Ports 1 and 23 are connected to a CRS354. They receive power and Winbox management through Port 1, and Port 23 on the 326’s are plugged into a pair of copper ports (43 & 44) on the 354 that were preconfigured as an LACP bond.
I created a single-port LACP bond using SFP+1 so that I could add to or change the ports in the bond in the future without breaking the MLAG. That bond will be the MLAG peer link (ICCP).
I created another LACP bond interface, one member on each switch, using Port 23, which goes to the 354, and its LACP settings match those of the 354. I arbitrarily chose 25 for the MLAG ID (which only goes on the 326’s, not the 354).
VLAN 4094 is my ICCP VLAN, so the peer interfaces are set to PVID 4094. VLAN 1 is tagged on the peer interfaces and untagged to the other interfaces (the bridge and the bonded uplink to the 354).
I added a DHCP client to the bridge to ensure that each switch is able to communicate all the way back to the router through the 354.
I don’t see where you specified an STP mode on the bridge…I’m not sure what that defaults to…But you need to define that for “proper” operation.
Try enabling RSTP or MSTP on the bridge and see how it goes. Note that MSTP only works as of 7.14.0 I think.
I would further suggest you start at say 7.3, setup an MLAG pair, then step it through some upgrade cycles and see how well it holds up. You’ll find it breaks pretty bad on 7.7. After that point, you might have to fully wipe your config, and rebuild from scratch to get it to be “stable” again. That’s not "production ready.

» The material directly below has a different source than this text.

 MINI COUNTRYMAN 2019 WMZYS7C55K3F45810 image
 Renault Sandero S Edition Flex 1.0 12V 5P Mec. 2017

Note that by “break” I don’t mean the network grinds to a halt immediately…You’ll need to be doing some packet captures to see the trashed data or watch some actual production systems struggle. Some sessions will still flow through, but things will get progressively worse. Again…Just “labbing” up the connections and seeing the “state” as “up” isn’t enough to see how badly this implementation fails.
I don’t know if you’re talking to me or to the OP (who has returned his 326’s), but I’m running MLAG in production on three pairs of switches, two of which are CRS317’s pushing 2-3Gbps continuously for 600+ customers in two different data centers. One pair has been running on 7.14.2 for two months and a second for three months on 7.13.2. The third pair is handling my office, so while that one doesn’t carry a lot of traffic, I certainly notice when things go awry.
I’m not discounting nor disputing the failures and issues others have reported on the forum, but I personally haven’t encountered anything that wasn’t caused by misconfiguration on my part. I’m also not using large switches or routers from other vendors, and I have gone through and limited the size/scope of my STP domains.